# TASK DETAILS
Copy each line below exactly and leave the pictures out.

# RAW DATA
◆ ◆ ◆

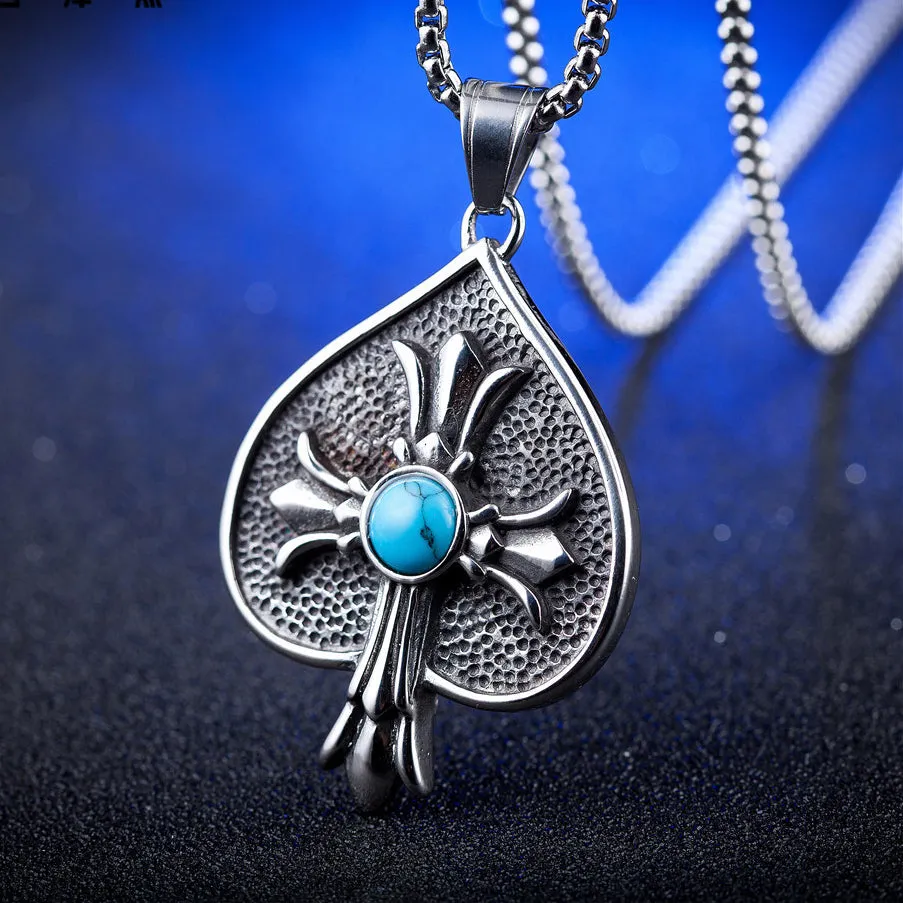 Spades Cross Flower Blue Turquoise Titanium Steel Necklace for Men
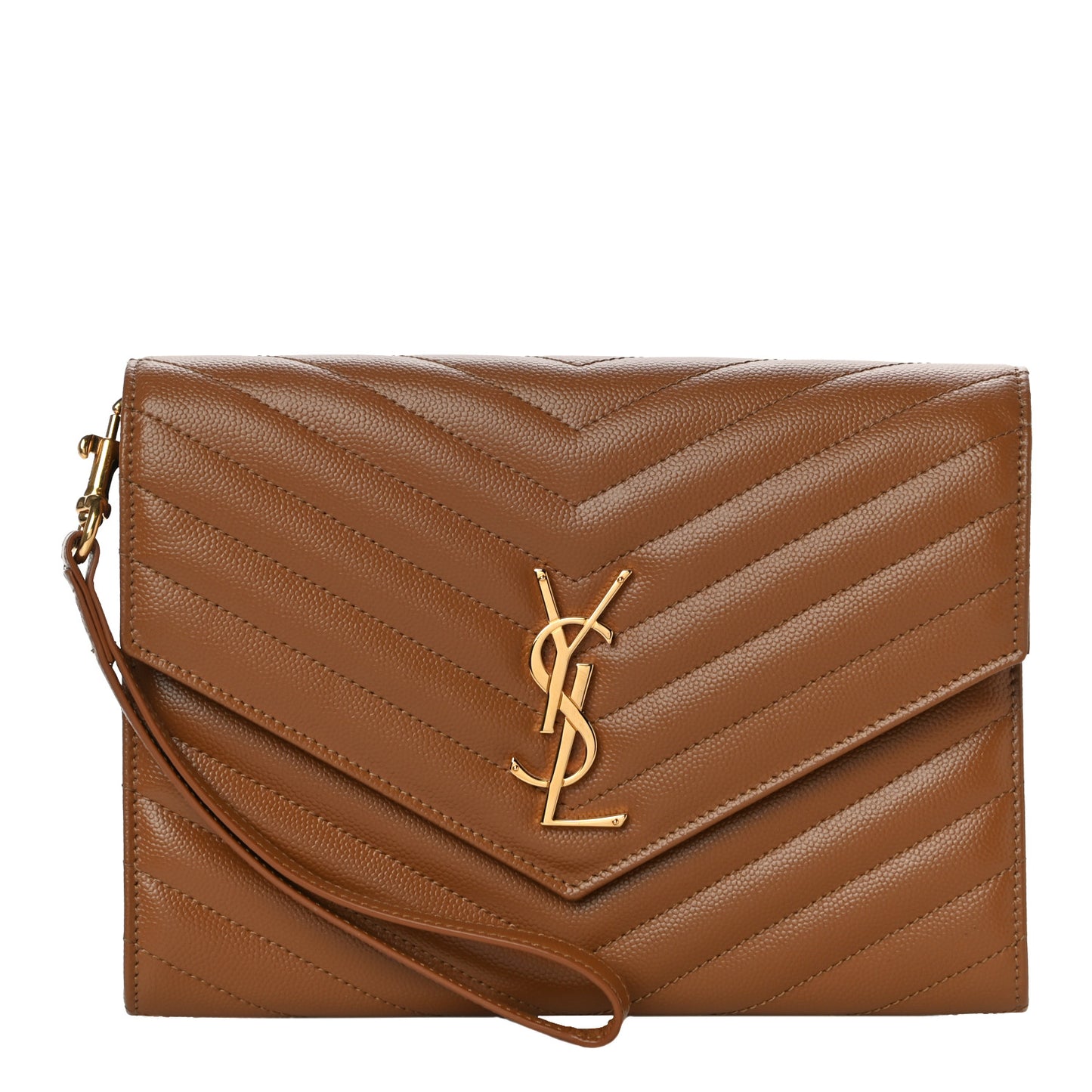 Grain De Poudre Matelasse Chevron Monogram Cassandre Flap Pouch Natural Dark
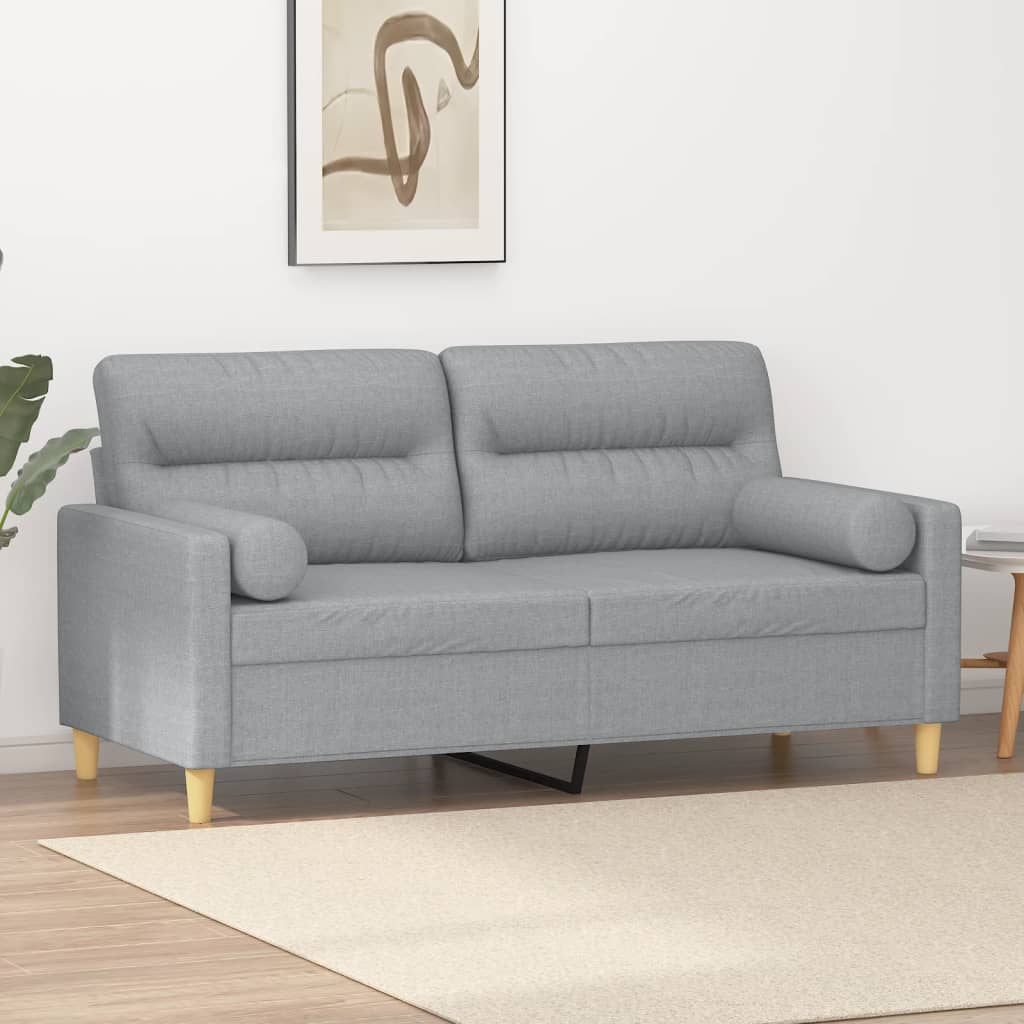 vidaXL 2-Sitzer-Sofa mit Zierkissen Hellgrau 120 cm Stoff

◆ ◆ ◆

# ANSWER TO THIS TASK
 Spades Cross Flower Blue Turquoise Titanium Steel Necklace for Men
 Grain De Poudre Matelasse Chevron Monogram Cassandre Flap Pouch Natural Dark
 vidaXL 2-Sitzer-Sofa mit Zierkissen Hellgrau 120 cm Stoff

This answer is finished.